|Reported by:||woodbri||Owned by:||robe|
|Priority:||medium||Milestone:||PostGIS Fund Me|
I migrated these comments from #1118 as they really should be in a separate ticket. The discussion around the issue in #1118 is really a symptom of the fact that we need to redesign the tiger geocoder to better use the new pagc_address_standardizer, and to make it possible in the future to be less Tiger centric (as a secondary goal.
Ticket #1118 is a problem of not standardizing the reference dataset and relying on the existing standardization. This is a process bug, not a code bug. If you take a random address and ask some people to standardize it into components, you will surely get some different results because the people will have a different set of rules in mind. So we take Tiger data which has been standardized by 3300 different counties where it was collect and given to Census and you will not even find consistency within Tiger. So relying on the pre-parsed standardization is the wrong way to approach this problem.

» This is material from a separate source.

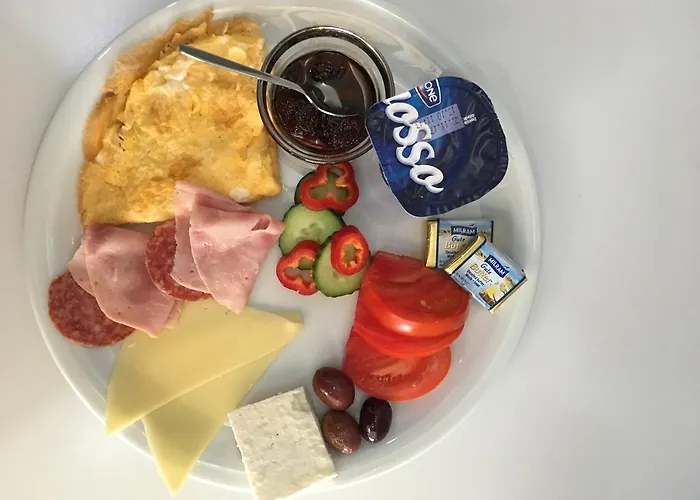 Szálloda Graffiti Rooftop - Location 3*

The way to fix this is to load the tiger data, then clump the name attributes into a single string and give it to the standardizer to parse and then save that. When we get a query request, we standardize that using our same standardizer and rules and we match those results against our standardized reference set.
Then we don't care if the standardization is right or wrong, because if it is wrong, it will be wrong in both cases and will still match.
This process also has the benefit that you can analyze those records that failed to standardize because of missing lexicon, gazeteer or rules and add those that we might need to improve the tools over time. This part can be done separate from the automated loading process. I should be done as part of the bug fixing and enhancements to the geocoder over time.
While the pagc address standardizer improves things and proves some easy tool to change the behavior if you don't make this process change. You will have an endless list of bugs like this that have nothing to do with the code. While you might be able to fix some of these with change to lex, gaz and rules you also might be breaking other cases that are not obvious when you make changes. DAMHIK.
I know the plan it to move forward without making this process change, but it should be planned for sometime in the future.
Yah I was thinking of it in future. I'll ticket that I'm leaning toward using hstore to store the normalized hash for the tiger set possibly only doing it for the obvious ambiguities.
The issue I have with doing it for after load and for all
1) inserting is a lot less painful than updating since updating requires both an insert and delete. So its faster to do on load.
2) Since this is in flux, they'll be a lot of updating going on initially so I don't want to push that on users until things are more stable, plus it complicates update script with update requiring user data changes — something I kind of want to stay away from until I have my upgrade bullet proof.
3) I actually don't think its necessary to standardize all tiger (I would say about 85% or more of it is fine). For the most part there aren't that many ambiguities and a lot of those would be long and painful to itemize and doing it by lex is probably not the right way.
Clearly for things like Camino etc that would be the right thing.
so I'm thinking more along a hybrid. It would also make my hstore index way shorter and faster to scan if its only the questionable problematic ones that need to be changed. Anyway I'll put in a separate future ticket. For PostGIS 2.1 I would like to change the norm_addy structure since that is part issue that I am mixing pre abbrev with post abbrevs.
I don't do any updates. I load the tiger data into a table, I then standardize that into a stdaddr table that is linked by the primary of the tiger table. If I make changes to the lex, gaz, or rules, I drop the stdaddr table and recreate it. All searches are done only on the stdaddr table and only when I have candidate records do I join those back to the tiger data to get the geometry and compute the location.
So for production, you install a "standard" set of tables for lex, gaz and rules. you load your data, create the stdaddr table and you are done. Users should not be modifying the lex, gaz or rules unless they are developing a different geocoder and then they are not you normal user and they have to understand the process for doing this including the fact that they need to recreate the stdaddr table if they make changes.
While this may require a lot of changes in the current geocoder to move to this structure, long term it is good because it moves you away from being Tiger centric. If our northern neighbors want to use it for Canadian data, then can make a loader for that data, standardize it into stdaddr table and your geocoder will work on that too.
This simplicity will also translate into cleaner and simpler code which will be easier to maintain and in all likelihood be faster also.